Generated: 2026-04-27
Executive summary
The material describes a collection of operational and testing specifications around a broader malware-development and validation workflow. The documents cover Tor/XMPP setup, automation of sample testing in a crypto panel, group-based virtual-machine testing, injector test automation, DPOST-style data submission, injector verification scripts, automated webmail account registration, and status tracking for encrypted sample checks.

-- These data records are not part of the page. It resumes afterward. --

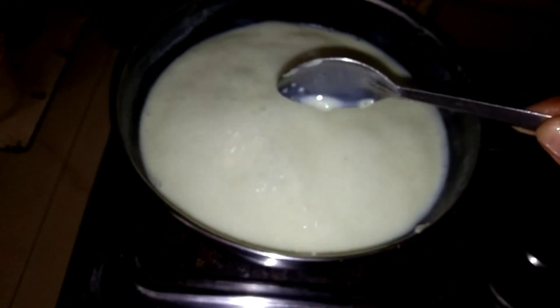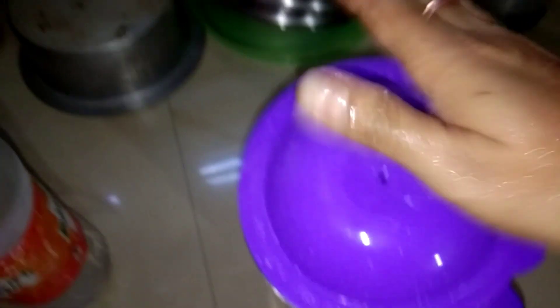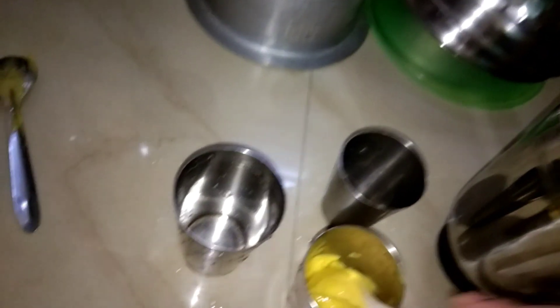We will mix the milk, meat, and rice. I will mix the rice and put it in the next half.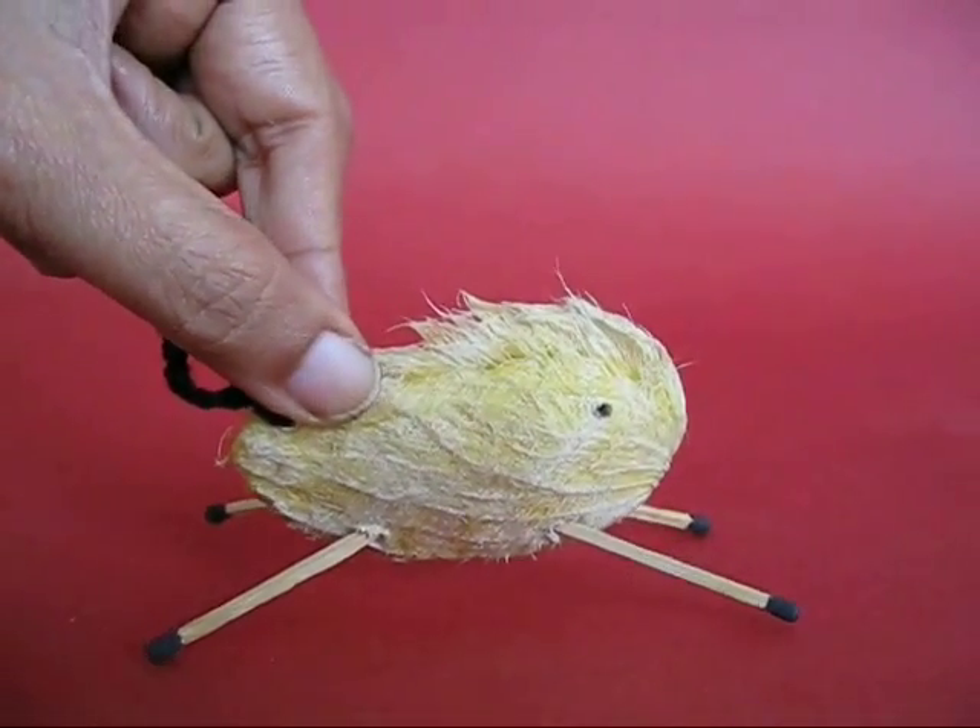So don't throw away mango seeds — you could make very nice animals out of them.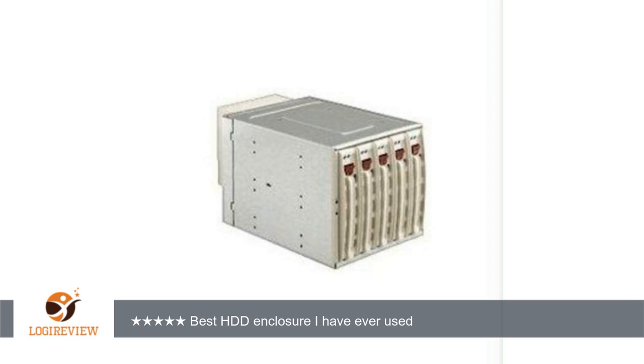The instructions are somewhat cryptic, but adequate. The enclosure came configured for I2C management, and to get it to work with my Adaptek 6805V I needed to change the jumper's sigpio mode.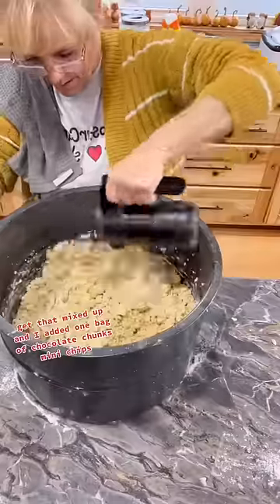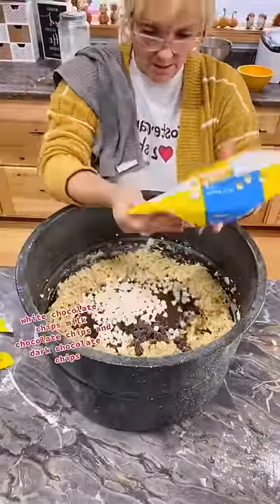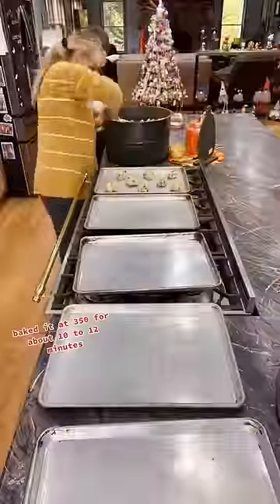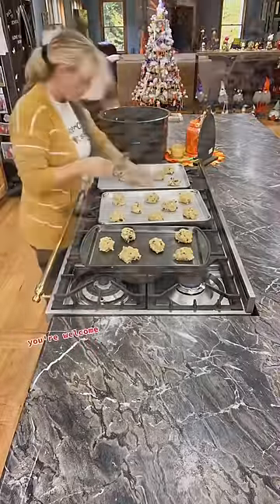Get that mixed up, and I added one bag of chocolate chunks, mini chips, white chocolate chips, milk chocolate chips, and dark chocolate chips. I mixed that really well. Baked it at 350 for about 10 to 12 minutes. You're welcome.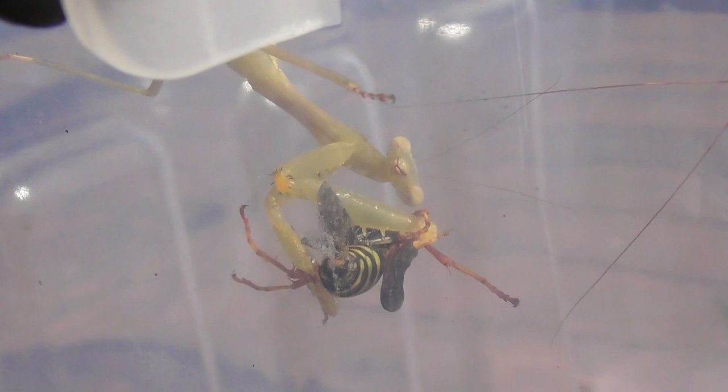It's looking at me. Oh — it dropped it. It ejected the wasp. It's getting too hot.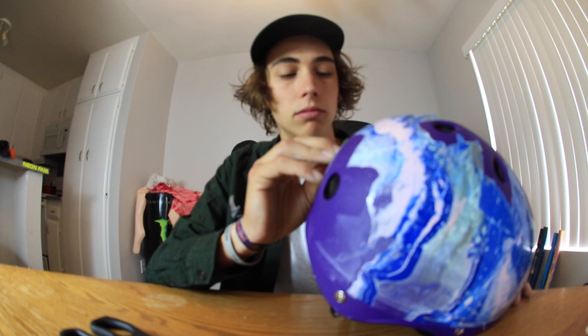If you guys want to get an S1 helmet yourself and do your own painting, coloring, or design, make sure to use promo code 'undialed' at S1 on their website — that'll be on the screen right here. Go get yourself a SIX-certified helmet; it'll save your life. And if you don't think it will, go watch our last video explaining how it will.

The common thread is automation of repetitive operational work. The documents define how testers and scripts should interact with panels, virtual machines, browser-injection components, malware samples, Windows Defender, administrative backends, and reporting APIs. The emphasis is on reducing manual testing, standardizing logs, coordinating multiple virtual machines, recording pass/fail status, and tying sample execution results back into a central panel.
The overall system described here is not a single component. It is a set of supporting processes and technical requirements for validating other components: encrypted samples, bots, spreading modules, injectors, DPOST collectors, and related infrastructure.
Tor and XMPP setup
One document gives a short procedure for using the Tor Expert Bundle as a local SOCKS5 proxy. The Tor process is started locally and expected to expose a SOCKS endpoint on 127.0.0.1:9050. This proxy is then configured in an XMPP/Jabber client.

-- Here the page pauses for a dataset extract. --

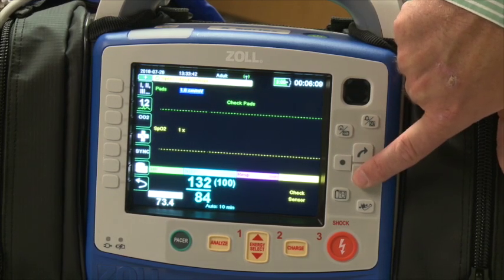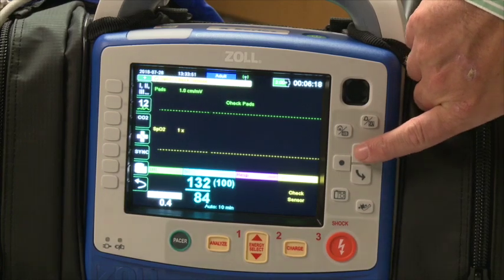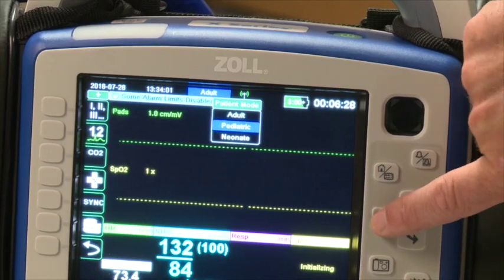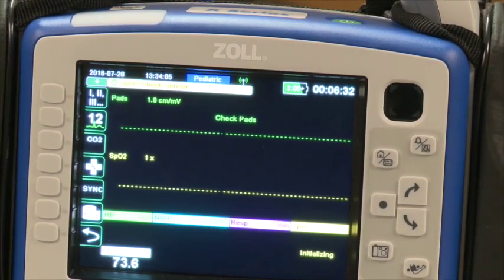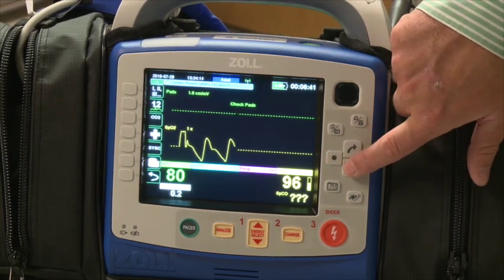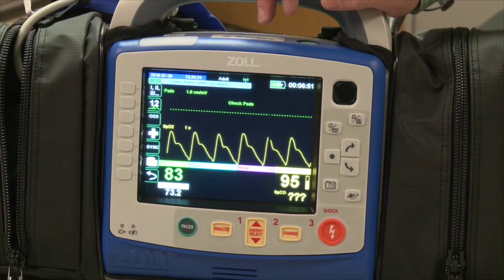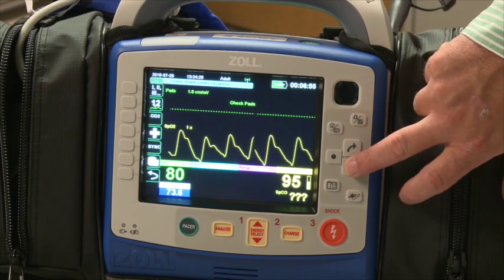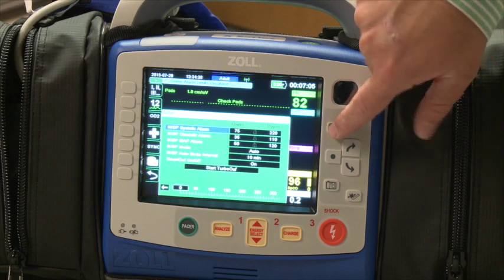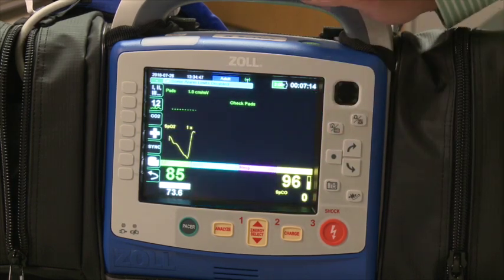Arrow keys move a blue box around the screen. Anything with a blue box has a sub-menu, meaning you can make a change. For example, if you highlight 'adult' across the top and you're going on a pediatric call, use the enter key to switch to pediatric or neonatal monitor mode — this changes the algorithms, inflations, and specific alarms. Anything changed with the blue box is a patient-by-patient change: if you put it in pediatric mode and turn the device off after delivery, the next power-on will return to adult mode. If you feel you've turned something on or off that you can't fix, simply power the device down and it will return to its configured state.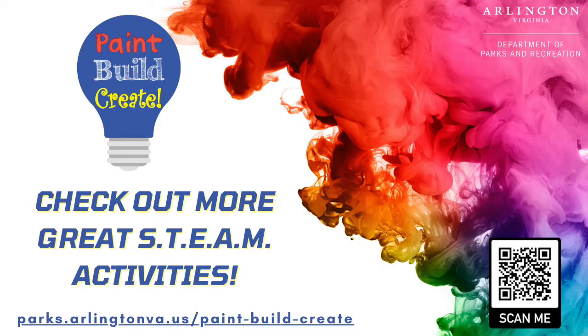Thank you for joining us at the virtual Paint Build Create event. Be sure to check out all of our other activities at the link or QR code on the screen.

The XMPP client configuration includes:
- SOCKS5 proxy type.
- Local proxy host and port.
- Always encrypt connection.
- Allow plaintext authentication only when the connection itself is encrypted.
- Trust the certificate warning on first connection.
- Fill only the nickname/profile field after first login.
The instruction not to invent extra nicknames is consistent with the broader identity-management theme in the management documents: avoid unnecessary identity artifacts and keep account naming predictable.
Crypto-panel testing automation
Several documents describe a "crypto panel" used as a queue and status-management system for encrypted sample testing. The intended workflow resembles a controlled internal file-checking system:
- Users upload or mark samples for testing.
- Virtual machines request samples through an API.
- A sample is assigned to a VM and marked as being checked.
- The VM test script executes a defined test sequence.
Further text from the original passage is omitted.